When you first take out a fixed-rate loan, most of the payment goes toward interest. That gradually reverses as the loan ages.
You can choose a fixed-rate loan in order to lock in a low rate. People choose these types of loans because interest rates are low and they want to lock in this low rate. If you have an Adjustable Rate Mortgage (ARM) now, refinancing into a fixed-rate loan can offer more stability in monthly payments. If you have an Adjustable Rate Mortgage (ARM) now, we'd love to help you lock in a fixed-rate at a favorable rate. Call Strategic Home Loans, Inc. at (805) 496-7500 to learn more.
There are many kinds of Adjustable Rate Mortgages. Generally, the interest rates on ARMs are based on a federal index. Some examples of outside indexes are: the 6-month CD rate, the one-year Treasury Security rate, the Federal Home Loan Bank's 11th District Cost of Funds Index (COFI), or others.
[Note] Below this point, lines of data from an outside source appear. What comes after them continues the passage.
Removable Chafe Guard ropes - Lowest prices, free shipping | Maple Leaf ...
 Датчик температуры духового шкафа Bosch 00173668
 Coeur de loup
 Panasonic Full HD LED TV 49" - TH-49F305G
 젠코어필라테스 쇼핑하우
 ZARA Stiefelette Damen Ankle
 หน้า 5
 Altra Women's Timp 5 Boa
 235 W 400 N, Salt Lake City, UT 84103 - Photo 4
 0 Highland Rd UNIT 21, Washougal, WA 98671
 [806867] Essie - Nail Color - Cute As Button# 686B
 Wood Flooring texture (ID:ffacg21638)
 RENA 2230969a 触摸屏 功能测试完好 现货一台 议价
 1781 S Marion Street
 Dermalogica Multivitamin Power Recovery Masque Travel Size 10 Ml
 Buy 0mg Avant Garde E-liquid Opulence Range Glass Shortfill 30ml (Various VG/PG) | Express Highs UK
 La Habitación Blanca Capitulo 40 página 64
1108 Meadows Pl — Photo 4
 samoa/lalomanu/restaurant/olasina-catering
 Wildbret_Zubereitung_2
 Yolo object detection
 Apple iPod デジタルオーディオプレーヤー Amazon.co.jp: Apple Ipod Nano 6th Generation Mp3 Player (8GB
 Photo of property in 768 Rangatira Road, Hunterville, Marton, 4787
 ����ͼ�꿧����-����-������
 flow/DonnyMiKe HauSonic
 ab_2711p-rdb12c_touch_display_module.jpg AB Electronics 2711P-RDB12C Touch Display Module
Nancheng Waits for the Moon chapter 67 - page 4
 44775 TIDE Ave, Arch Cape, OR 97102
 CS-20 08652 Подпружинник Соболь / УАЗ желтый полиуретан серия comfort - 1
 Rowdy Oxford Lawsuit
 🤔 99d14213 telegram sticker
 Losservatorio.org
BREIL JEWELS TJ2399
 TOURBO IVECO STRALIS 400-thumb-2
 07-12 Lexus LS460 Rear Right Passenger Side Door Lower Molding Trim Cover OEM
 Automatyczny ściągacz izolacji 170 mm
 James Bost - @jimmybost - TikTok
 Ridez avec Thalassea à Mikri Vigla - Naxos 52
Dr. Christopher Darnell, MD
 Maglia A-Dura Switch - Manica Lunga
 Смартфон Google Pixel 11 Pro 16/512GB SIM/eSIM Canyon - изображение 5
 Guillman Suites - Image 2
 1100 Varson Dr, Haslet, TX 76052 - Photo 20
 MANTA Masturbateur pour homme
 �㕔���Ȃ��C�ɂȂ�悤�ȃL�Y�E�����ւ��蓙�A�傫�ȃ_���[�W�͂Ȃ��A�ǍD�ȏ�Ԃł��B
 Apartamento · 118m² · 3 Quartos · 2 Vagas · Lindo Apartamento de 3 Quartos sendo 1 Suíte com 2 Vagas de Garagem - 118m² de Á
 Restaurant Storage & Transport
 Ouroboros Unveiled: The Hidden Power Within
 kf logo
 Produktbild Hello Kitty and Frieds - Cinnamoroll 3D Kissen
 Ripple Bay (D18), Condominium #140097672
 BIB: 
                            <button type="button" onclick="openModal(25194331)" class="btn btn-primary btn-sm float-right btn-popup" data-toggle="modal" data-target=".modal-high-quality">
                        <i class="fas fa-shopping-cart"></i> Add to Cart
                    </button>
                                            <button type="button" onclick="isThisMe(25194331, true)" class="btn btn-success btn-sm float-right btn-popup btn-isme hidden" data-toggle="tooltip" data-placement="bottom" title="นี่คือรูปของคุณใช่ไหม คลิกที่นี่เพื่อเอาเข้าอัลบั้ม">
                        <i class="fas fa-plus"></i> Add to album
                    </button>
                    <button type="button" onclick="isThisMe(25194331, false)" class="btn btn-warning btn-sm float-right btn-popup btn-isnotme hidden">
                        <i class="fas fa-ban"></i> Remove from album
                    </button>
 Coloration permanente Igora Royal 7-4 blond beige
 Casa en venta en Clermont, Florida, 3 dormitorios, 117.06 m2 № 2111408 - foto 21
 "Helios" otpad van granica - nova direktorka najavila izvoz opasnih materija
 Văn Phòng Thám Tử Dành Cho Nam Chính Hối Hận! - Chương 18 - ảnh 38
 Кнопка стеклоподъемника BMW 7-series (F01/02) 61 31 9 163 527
Most ARM programs feature a "cap" that protects you from sudden monthly payment increases. Some ARMs won't increase more than 2% per year, regardless of the underlying interest rate. Your loan may feature a "payment cap" that instead of capping the interest rate directly, caps the amount your monthly payment can increase in one period. Plus, the great majority of adjustable programs have a "lifetime cap" — this means that your rate can't ever exceed the capped percentage.
ARMs usually start out at a very low rate that usually increases as the loan ages. You may have heard about "3/1 ARMs" or "5/1 ARMs". For these loans, the introductory rate is fixed for three or five years. It then adjusts every year. These loans are fixed for 3 or 5 years, then adjust. These loans are usually best for people who expect to move in three or five years. These types of ARMs are best for borrowers who will move before the initial lock expires.
You might choose an ARM to take advantage of a very low introductory rate and count on moving, refinancing or simply absorbing the higher rate after the introductory rate expires. ARMs can be risky if property values decrease and borrowers are unable to sell or refinance.